A pair of Cleveland entities are partnering to spread good cheer and nutritious food to underserved Central neighborhood
families this holiday season.
The Society of St. Vincent de Paul, Diocese of Cleveland (SVDP)
will distribute 1,000 frozen turkeys and five-pound bags of potatoes in the Boys & Girls Clubs of Cleveland
parking lot, 2561 East 59th St., on Wednesday, December 14.
The giveaway starts
at 8:30 a.m. and will continue while supplies last, says Natalie Schrimpf, marketing and development manager with the century-old human services organization. Providing the food is Fortney & Weygandt, Inc.
, a North Olmsted commercial construction firm now in its 10th year of supplying holiday nourishment to needy residents.
Volunteers from the construction company and SVDP Woodland Food Center
will hand out goods to people from Central and surrounding communities. No advanced registration is required, but attendees must present a driver's license or other form of identification, notes Schrimpf.
According to Greater Cleveland Food Bank
statistics, Central is home to 10,717 impoverished, making SVDP's food donation critical in residents' ability to serve a Christmas meal.
"For people who are food insecure, everything from having money to pay rent or buy clothes for their children can be a crisis," says Schrimpf. "Aid for hunger relief is magnified for low-income families, especially around the holidays."
Schrimpf, who has attended the last two giveaways, says the event is far from dour or downbeat.
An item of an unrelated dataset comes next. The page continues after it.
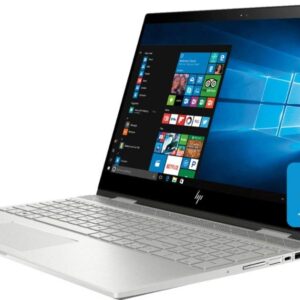 HP Envy X360 2-in-1 2019 Premium 15.6 FHD Touchscreen Laptop Computer, 4-Core Intel Core i7-8550U 1.8GHz, 32GB RAM, 1TB SSD, Backlit Keyboard, Wi-Fi, Bluetooth, Webcam, HDMI, USB-C, Windows 10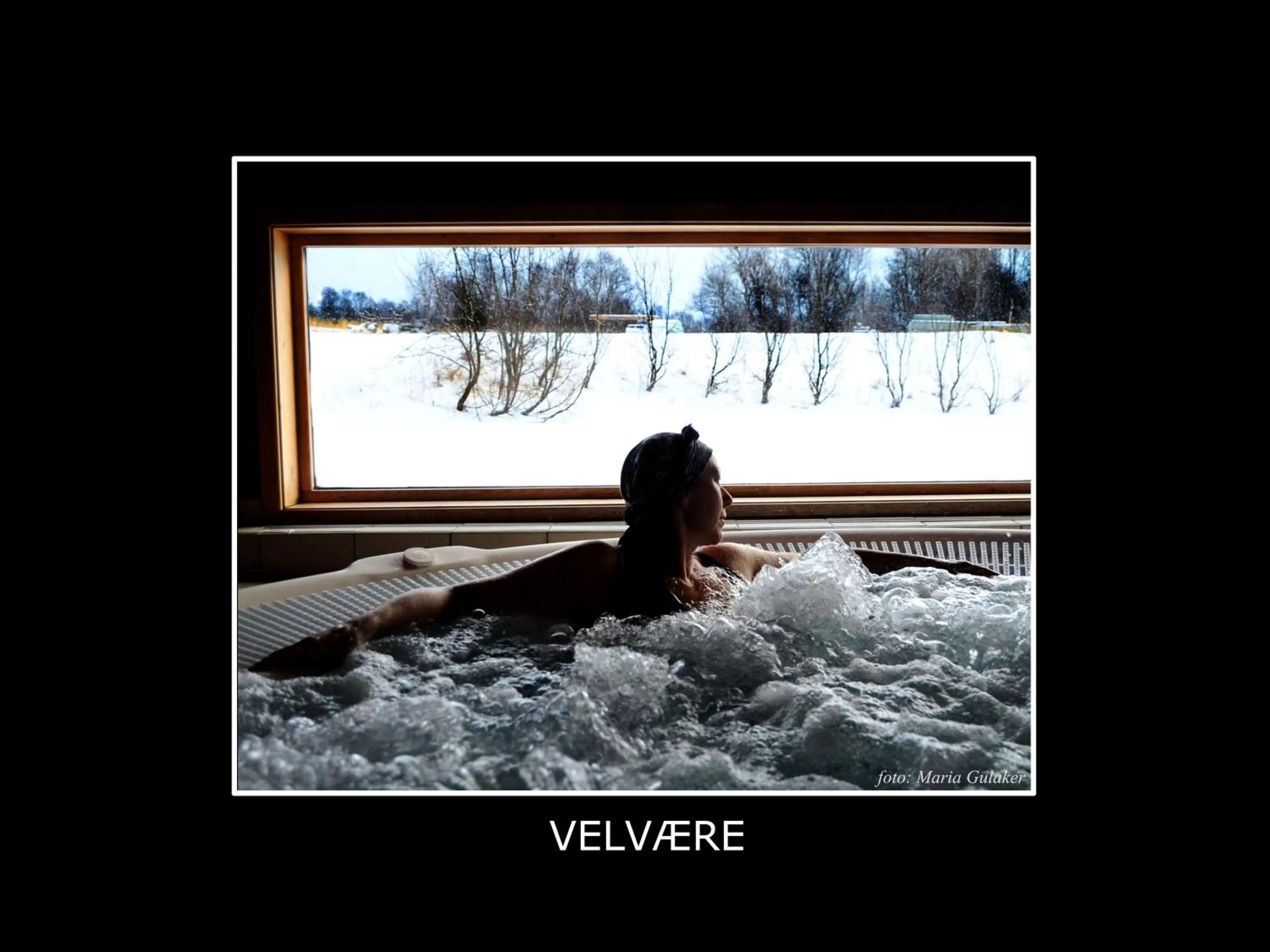 Hot Tub in Unicare Røros Gjesteovernatting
Coffee and cocoa are available for folks waiting in the cold, while volunteers greet attendees with smiles and warm words.
"We make it a happy occasion," Schrimpf says.
The Christmas food drive is one facet of SVDP's service to an economically-disadvantaged population. Last year, the organization provided $7 million in aid to more than 240,000 low-income individuals in the form of food, clothing, school supplies and assistance with utilities and rent.
Similar to its work throughout the year, SVDP's holiday-themed helping hand wouldn't happen without the generosity of area donors, volunteers and organizational partners, Schrimpf says. Face-to-face assistance for those suffering from generational poverty, regardless of race, ethnicity or religious background, must be a year-round endeavor.
"We value our partners," says Schrimpf. "We wouldn't be able to help people in our community without them."